Au moment où le développement du nord du Québec reprendra sa pleine vitesse de croisière, les minières trouveront-elles en régions les sous-traitants dont elles auront besoin?

La réponse de Sous-Traitance Industrielle Québec (STIQ) est alarmante: «Il est clair que l'offre régionale est insuffisante ou inexistante dans bien des cas.»

STIQ est une association de manufacturiers sous-traitants québécois. Elle dévoilait, en octobre 2012, une étude sur les défis technologiques des grands donneurs d'ordre dans les secteurs minier et de l'aluminerie.
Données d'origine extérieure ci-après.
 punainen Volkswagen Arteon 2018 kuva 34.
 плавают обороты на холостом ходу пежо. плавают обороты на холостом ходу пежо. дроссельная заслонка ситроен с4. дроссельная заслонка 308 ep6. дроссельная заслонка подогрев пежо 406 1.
L'étude conclut à des carences importantes chez les sous-traitants du Nord dans une série de domaines clés: l'exploitation et le traitement des ressources minières; le développement durable, principalement le traitement de l'eau, de l'air et des déchets; la maintenance et la surveillance à distance des usines; les technologies de l'information..

Les régions s'organisent

Les municipalités du Nord réagissent à l'étude STIQ. Développement Chibougamau a déjà organisé trois missions commerciales au Sud.

«Nous avons comme vis-à-vis au Sud les Jeunes chambres de commerce du Québec, précise Céline Collin, directrice générale de Développement Chibougamau. Nous visons à faire des partenariats assortis de transferts de connaissances. Des discussions sérieuses ont eu lieu sur des produits d'éclairage, de ventilation, de transport, entre autres.»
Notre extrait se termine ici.